AEM081 Chad VanGaalen

There’s something endearing about music that always seems to be on the verge of falling apart. We’re not talking mass destruction, like if Iron Maiden’s infrastructural backline suddenly started melting down, but a series of smaller catastrophes: the guitar goes out of tune, the homemade electronics begin to shoot sparks and smoke into the audience, the legs of the organ go out like a buffalo shot from a stagecoach. You get the idea pretty much every time you go to a local band showcase in some smaller city in the Northeast, that heart-thunk moment of Oh shit! when the drummer starts soloing mid-verse and the rest of the band exchanges awkward glances, or when the iPod somehow falls out of the chiptune dude’s back pocket. If music is about control-tight pants, technology, etc.-these are the rough times when entropy turns the mixer all the way to suck.

But, as free jazz and Cage and Lucky Dragons and Mix Master Mike all prove, the hard-wired human fear of chaos can go both ways. Sometimes, the Oh shit! moment, in the right hands, can be infinitely more exhilarating than super-tight studio professionalism. You lose control of your internal metronome and embrace the terror of the void.
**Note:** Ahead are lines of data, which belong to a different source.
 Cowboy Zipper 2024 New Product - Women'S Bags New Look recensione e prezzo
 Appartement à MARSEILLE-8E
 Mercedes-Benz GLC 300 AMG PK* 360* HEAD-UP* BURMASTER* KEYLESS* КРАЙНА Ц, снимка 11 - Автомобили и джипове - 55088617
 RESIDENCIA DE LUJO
Chad VanGaalen, who has a name like a Dutch trance producer and the chased-by-wolves voice bizarro of the Meat Puppet’s Curt Kirkwood, has a promo photo of himself sitting alone in what appears to be his backyard, surrounded by odd gadget-y creations, playing a Casio and sticking his finger into a nest of wires. It’s a scary scene, not only for the rustic hellishness I typically associate with lawns covered in busted-up machines, but also because the whole thing looks like it’s seconds away from exploding. I don’t know if Canada-VanGaalen’s from Calgary- has looser laws regarding these kinds of hi-tech supplies, but if I wasn’t listening to this guy’s music and loving it, I might be tempted to drop a line to Interpol.

Still, to paraphrase the Supreme Court, “If it looks like a duck, it must be a duck.” In VanGaalen’s case, too, what you see is what you get. If you, like me, get a hard on for homemade rave gear, that’s a really good thing. Listening to these cuts, B-sides of 2008’s Soft Airplane (Flemish Eye), you get a sense of how the weird, the out-of-sync and the questionably-conceived can metastasize in genius ways. None of it sounds right. But it all sounds so good.
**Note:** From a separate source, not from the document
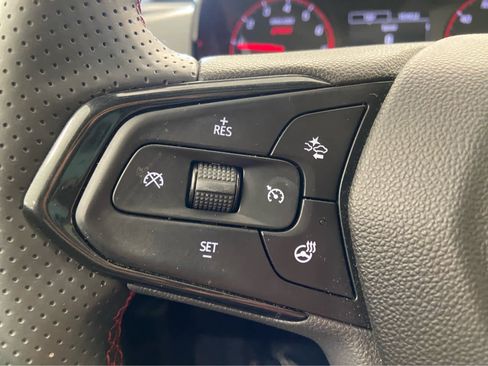 Used 2024 Chevrolet Trax RS w/ Sunroof Package image 19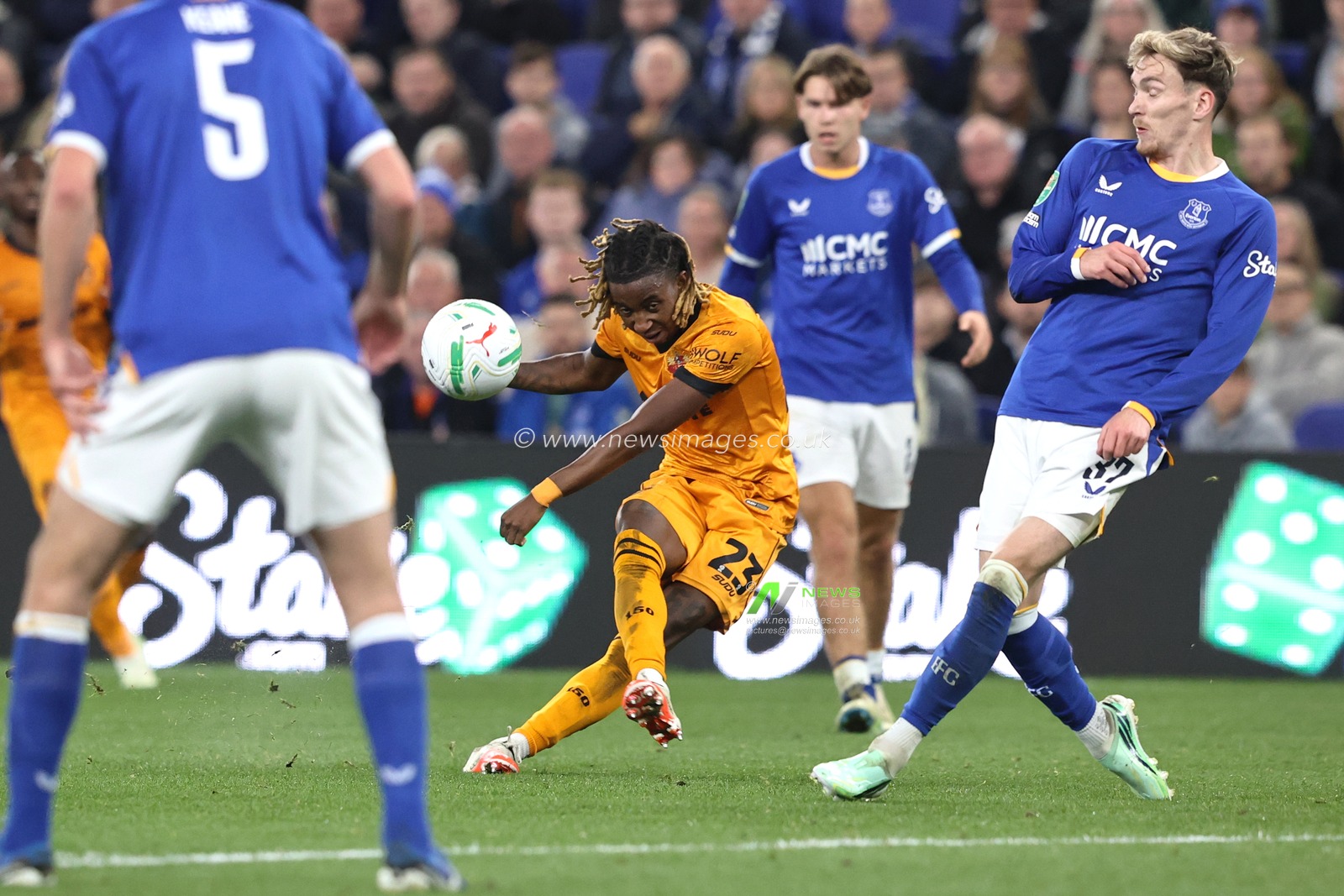 Tawanda Chirewa of Wolverhampton Wanderers takes a shot on goal during the Carabao Cup round 3 match Everton vs Wolverhampton Wanderers at Hill Dickinson Stadium, Liverpool, United Kingdom on 16 September 2026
It’s sometimes difficult to imagine music being made-let alone blogged-these days without a heavy dose of generic calculation. Call it search term tyranny, but I can’t remember the last band that got hyped based on something other than some kind of ostentatious gimmick. This probably has to do with any number of things: the growing unimportance of local scenes, the indie set’s own dictatorial ideas of ironic PR. But weren’t things just a little weirder before the mp3? Not weird in a way that you can categorize, but just subversively, invisibly weird, like Dylan’s Basement Tapes or Sebadoh III, music that sounds off the way a slight case of jaundice might make a person look more unattractive than you remember. Perhaps VanGaalen’s found the workaround to this unanticipated side-effect of digital distribution in that pile of circuits in his backyard, but there’s this cassette era warped-ness in his tunes, an off-kilter malfunction that haunts the music like a ghost in the speaker cabinet. Somewhere between nostalgia and a full-on poltergeist confrontation, this guy has mastered that elusive and alien discomfort that makes old Sub Pop compilations so horrifying and cool. Do you remember Cat Butt, Terry Lee Hale, the Thrown Ups? If you do, you probably know what I’m talking about. If not, I suggest you do some fucking research!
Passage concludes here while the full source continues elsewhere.